Find a random problem from either the USACO guide or the main site
a. Mentally categorize the problem type (if it isn’t from the USACO guide) to figure out how I’ll solve it
Write the solution to the problem
Submit and wait for grading server response
If I get WA and can’t figure out why, look at the test cases for the problem to figure out what I’m doing wrong.
My issue mainly stems from #4. When I get WA, I start from the first WA test case and compare the expected output to my program’s output. Usually this is enough for me to figure out the problem, but sometimes I open a test case and… it’s filled with hundreds upon hundreds of lines. Of course, this is way too much to reasonably look through and solve manually. Many times when I check the solution they have a very similar algorithm implemented, so it’s doubly confusing where exactly I went wrong.
Does anyone know a method to overcome this issue? It’s happened to me 3-4 times and concerns me a lot since I’m terrified of it happening mid-contest. Currently I’m just skipping the problems to review later since I already understand the concepts required to solve them and am able to AC similar questions.
Thank you.
PS: I do try to create my own test cases that fail; the questions I’m having problems with are the ones where all the test cases I make are passed by the program.

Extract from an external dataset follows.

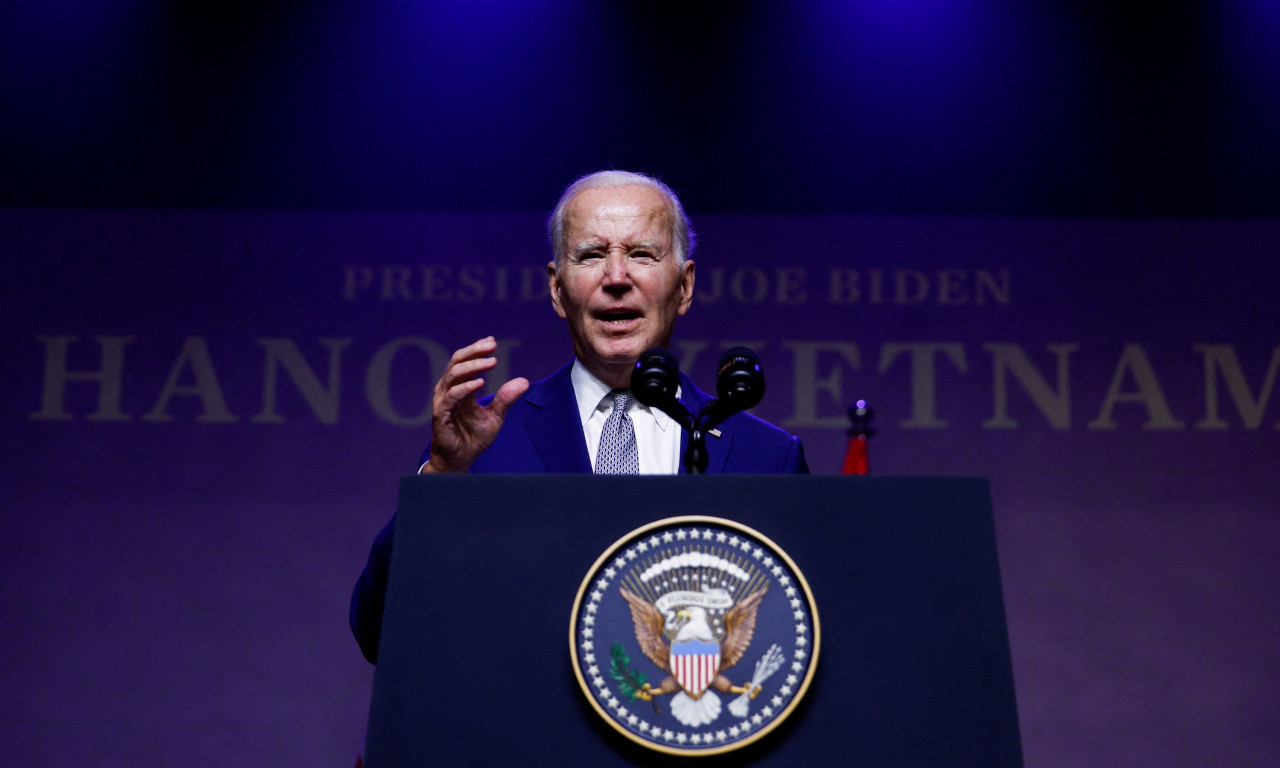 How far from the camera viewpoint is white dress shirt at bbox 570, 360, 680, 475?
1.57m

Both, depending on how much trouble I have with the question; I think the issue is that I miss some implied information in the problem itself that prevents me from figuring out the right solution. For example, in The Great Revegetation (Silver), I was failing most of the test cases because I didn’t realize that not every field was favored by a cow. After realizing this the next day, I was able to easily fix the issue and only ran into time errors from then on (which were much more manageable than WA).
So I think the real question is this: how can I prevent myself from missing information in this way? The general consensus around USACO seems to be to just practice more, which usually works for me, but in this case it seems like it doesn’t apply. Regardless of how much I practice, it feels like I continue to be unable to figure out specific nuances of some problems. This doesn’t seem to be a very common issue, so I was wondering if there was some method to ensure that one cannot “miss” things or make wrong assumptions.
I think such an error would be easily discovered if you just tried to generate test cases at random and comparing with a brute-force solution that checks all 2^N possibilities?
The issue was that I misinterpreted the question itself, so when I generated test cases I made it so that all integers 1…N were used by at least 1 cow.
Though that might just be a skill issue on my part, it circles back to my original question of how I’m having trouble with figuring out all the information provided by a problem. Is there some strategy that you or other competitors use to “map out” all the information present in a problem and avoid misunderstandings?